▶ EXERCISE DESCRIPTION
In the entries below, which lines run from the one containing "Акумулаторен винтоверт Bosch" to the one containing "CABLE USB TIPO"? Copy exactly those lines, ends included, and no others.

START SUPPLIED DATA

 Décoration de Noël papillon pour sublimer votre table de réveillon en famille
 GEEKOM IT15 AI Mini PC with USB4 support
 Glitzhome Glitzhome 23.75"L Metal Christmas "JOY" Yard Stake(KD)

END SUPPLIED DATA
START SUPPLIED DATA

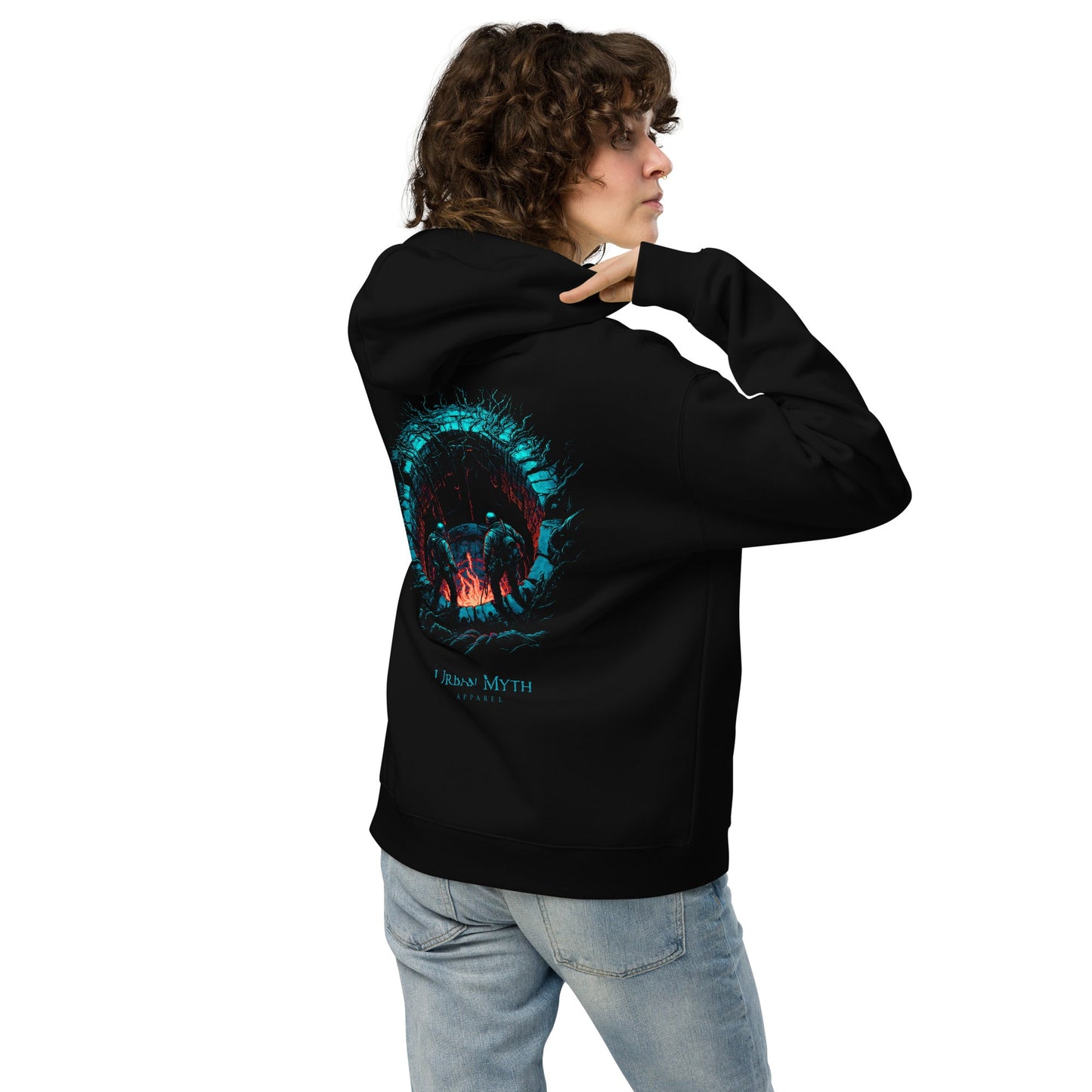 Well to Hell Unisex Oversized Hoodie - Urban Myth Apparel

END SUPPLIED DATA
START SUPPLIED DATA

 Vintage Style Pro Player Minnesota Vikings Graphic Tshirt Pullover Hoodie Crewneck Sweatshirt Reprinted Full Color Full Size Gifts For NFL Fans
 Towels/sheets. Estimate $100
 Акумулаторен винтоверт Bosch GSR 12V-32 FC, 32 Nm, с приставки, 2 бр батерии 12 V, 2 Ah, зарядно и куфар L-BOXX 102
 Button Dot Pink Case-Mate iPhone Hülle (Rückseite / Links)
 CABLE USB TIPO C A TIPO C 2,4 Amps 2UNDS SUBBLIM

END SUPPLIED DATA

▶ SOLUTION TO THE PROBLEM
 Акумулаторен винтоверт Bosch GSR 12V-32 FC, 32 Nm, с приставки, 2 бр батерии 12 V, 2 Ah, зарядно и куфар L-BOXX 102
 Button Dot Pink Case-Mate iPhone Hülle (Rückseite / Links)
 CABLE USB TIPO C A TIPO C 2,4 Amps 2UNDS SUBBLIM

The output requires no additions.